Records show Eric J. Dalius and his wife Kimberly Dalius sold the home at 3114 North Bay Road in Miami Beach to Homesweethome Trust, with Emily Johnson signing as trustee.
Dina Goldendayer and Julian Cohen of Douglas Elliman represented the seller, and Daniel Rosa of Gary Hennes Realtors brought the buyer. Goldentayer and Cohen declined to comment.
Eric Dalius is the executive chairman of MuzicSwipe, a music and content discovery app, according to his Twitter. Prior to MuzicSwipe, Dalius managed a portfolio of shopping rewards companies under the Saivian umbrella. The service promised members cash back rewards on purchases. The SEC filed civil charges against Dalius in 2018, alleging that he committed Ponzi and pyramid schemes as head of Saivian.

According to SEC filings, Dalius converted $164 million in Bitcoin from customer deposits to cash.
“Dalius used most of Saivian’s victims’ money to finance a lavish and lavish lifestyle for himself and his family,” a filing states. These “exuberant” purchases include the North Bay Road mansion, as well as a Manhattan mansion he bought for $10.3 million, a Lamborghini worth nearly $500,000, a $181,000 vacation in the Bahamas, private jet travel and sports tickets, according to the document.
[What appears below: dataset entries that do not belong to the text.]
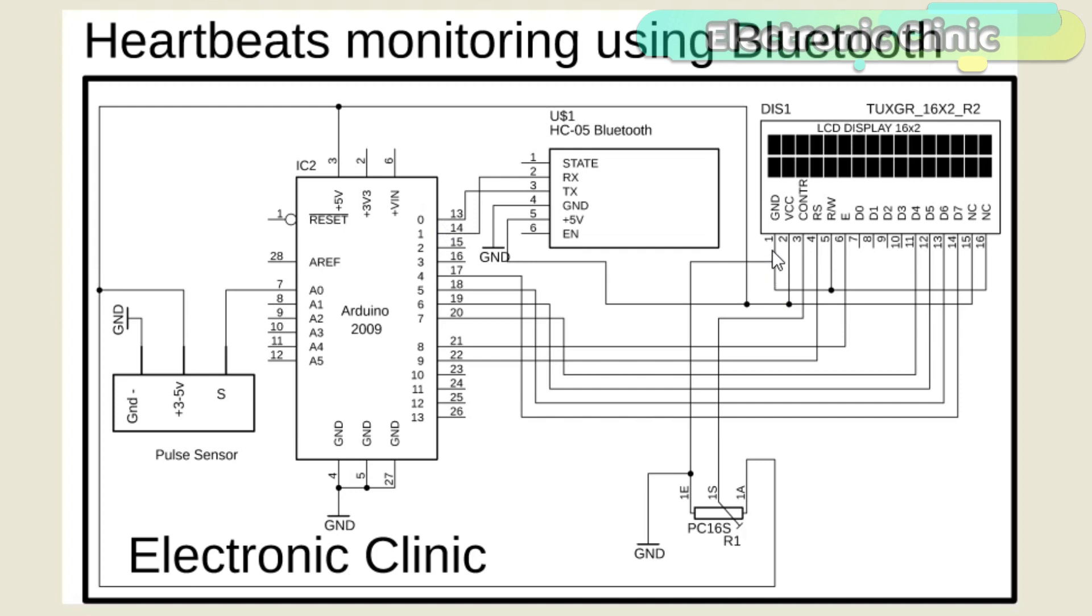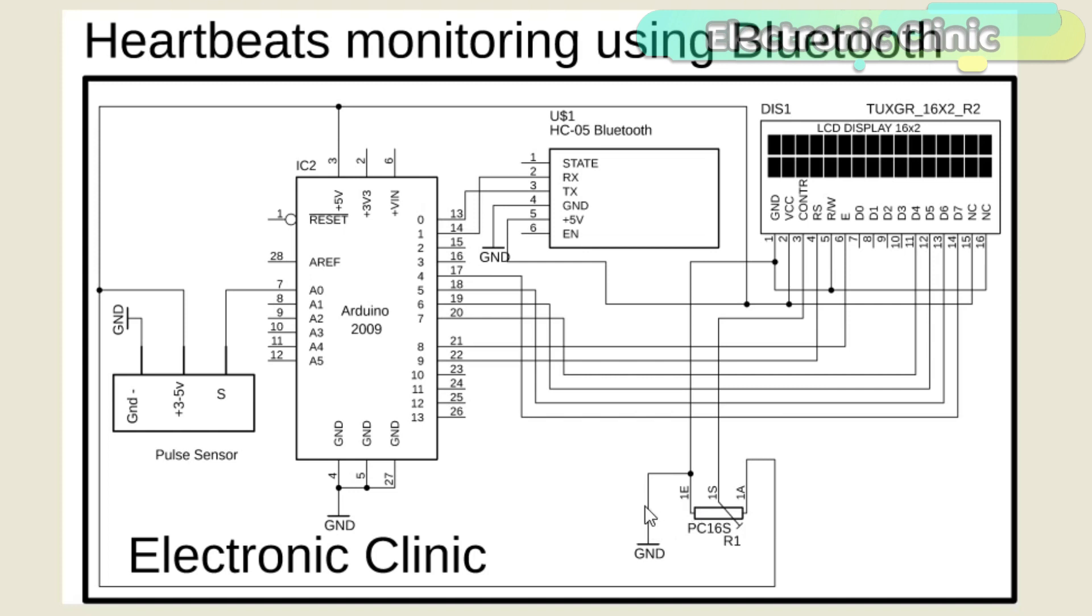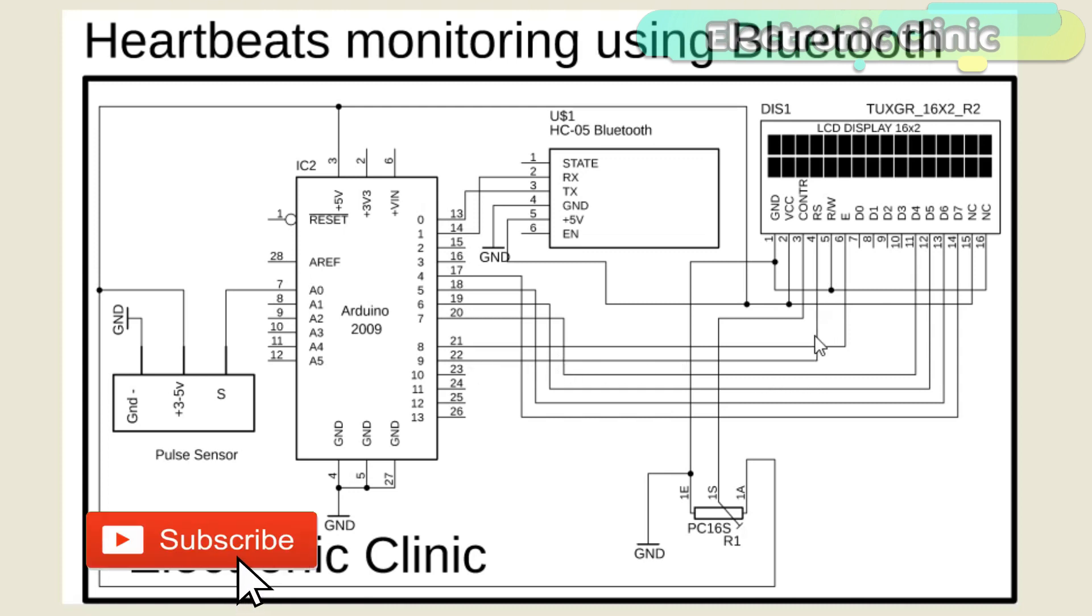As you can see, the ground is connected with pin number 1, 5 and pin number 16. 5V from the Arduino is connected with pin number 2 and pin number 15. The middle pin of the variable resistor or potentiometer is connected with pin number 3 of the LCD, while the other two pins are connected with the ground and 5V. Pins 4 to 7 of the Arduino are connected with pins D7 to D4 of the LCD. Pin number 8 of the Arduino is connected with the enable pin of the LCD. Pin number 9 of the Arduino is connected with the RS pin of the LCD.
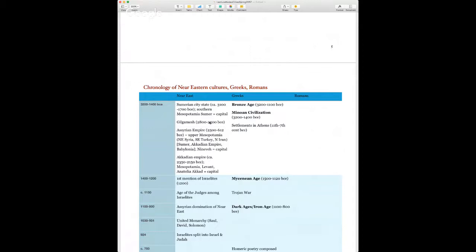Where there are written records alongside archaeological evidence is in the Near East — civilizations like Sumer in southern Mesopotamia. This is the era of Gilgamesh. The epic of Gilgamesh features the hero Gilgamesh and his friend Enkidu, and Gilgamesh is associated with the great city of Uruk. The Near East also includes the Assyrian Empire, which lasted well into the 7th century BCE.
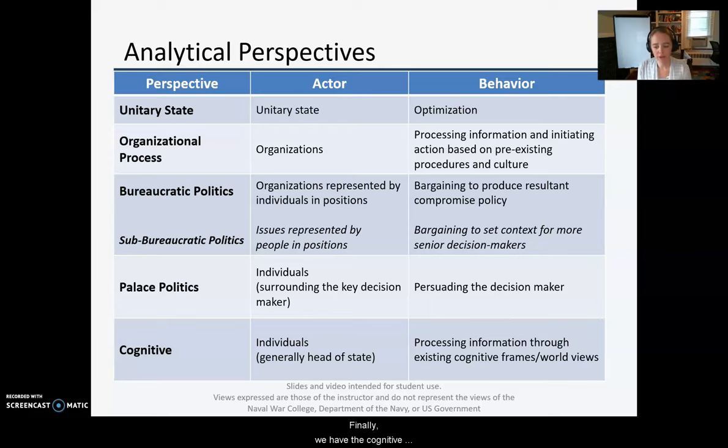Putting it all together — academic theories aren't necessarily meant to fit together nicely; they weren't always developed that way. For example, Waltz and Putnam number their levels differently, which can be confusing. But we chose these theories to focus on in the course because we think they do work together in important ways to give us a conceptual toolkit to analyze foreign policy.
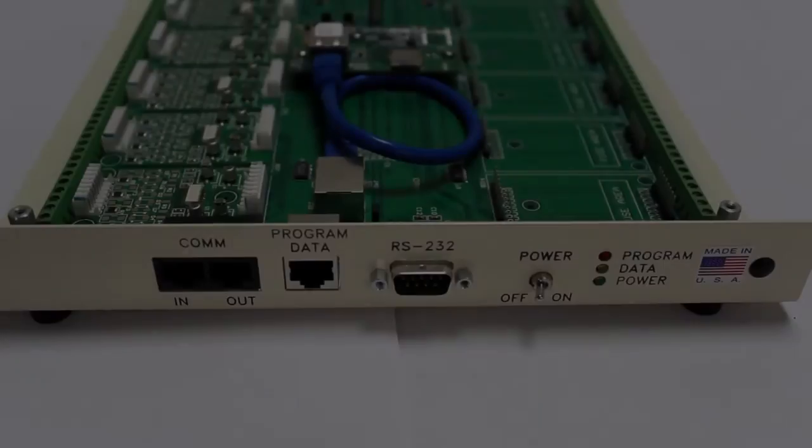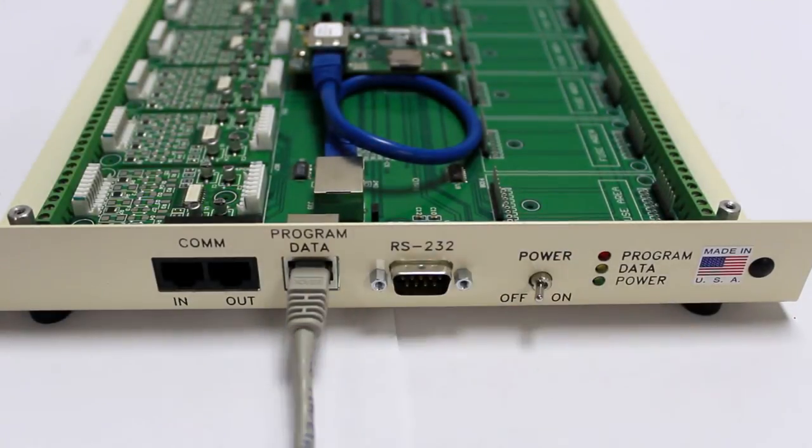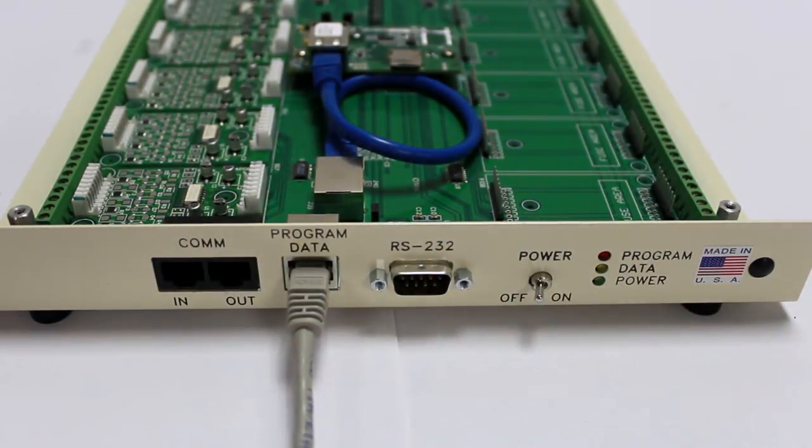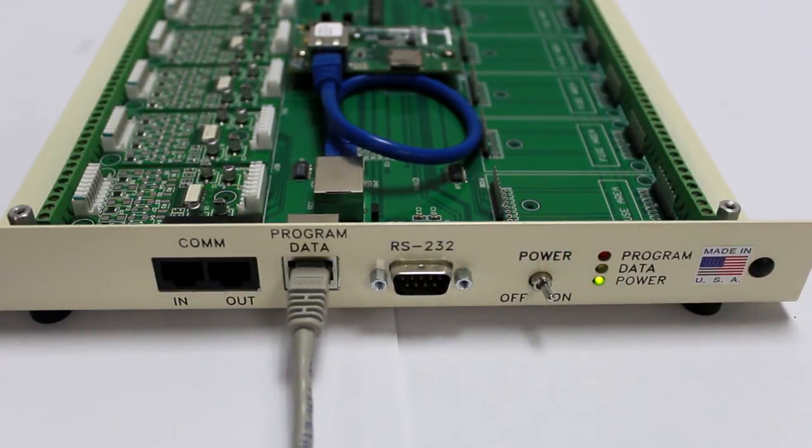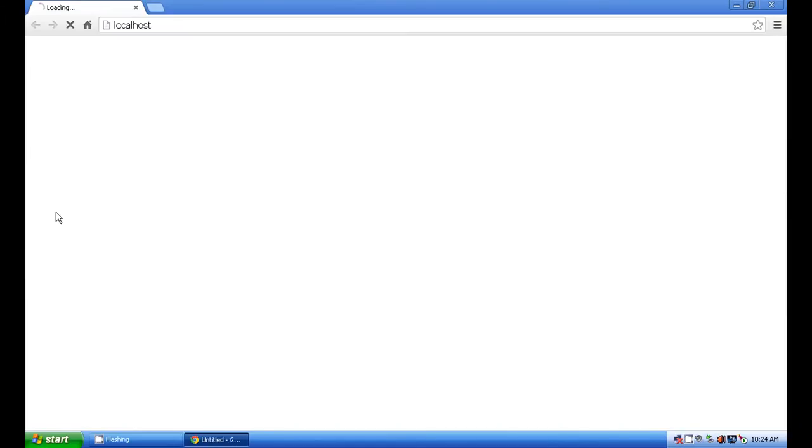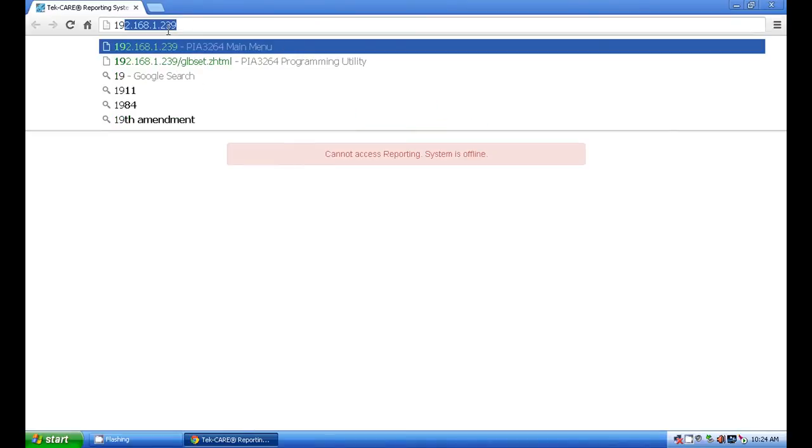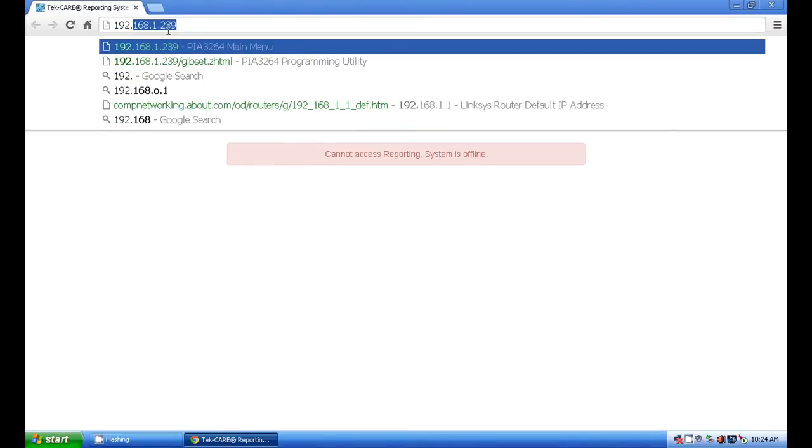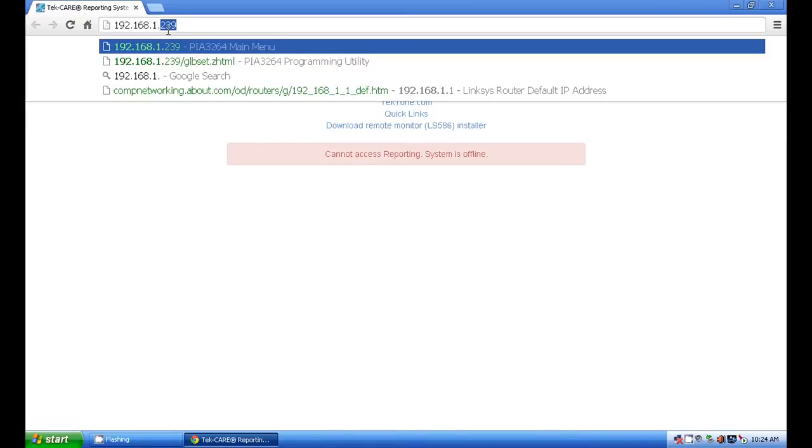Use the included crossover cable to connect the NC377 to the TechCare network port on the rear of the TechBridge. Open a browser window on the TechBridge and type in the default IP address of the NC377. In this case it is 192.168.1.239.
Dalius and his wife bought the home on North Bay Road for $16.5 million in 2017, records show. The 9,300-square-foot, seven-bedroom, nine-bathroom mansion was built in 2016 on 0.5 acres, according to property records. The property includes a 103-foot pool, massage gazebo, outdoor kitchen and 100 feet of waterfront with a dock and boat lift, the listing shows.
North Bay Road, one of the most sought-after addresses in Miami Beach, has maintained strong prices even as the market has cooled since its pandemic peak.
This week, Wayne Boich paid $11.6 million for a waterfront cliff next to his North Bay Road estate. In November, hedge funder Michael Murr and his wife, Eva, sold their beach house for $36 million in an off-market deal.
On the non-waterfront side of the street, an heir sold a home for $8.4 million in October.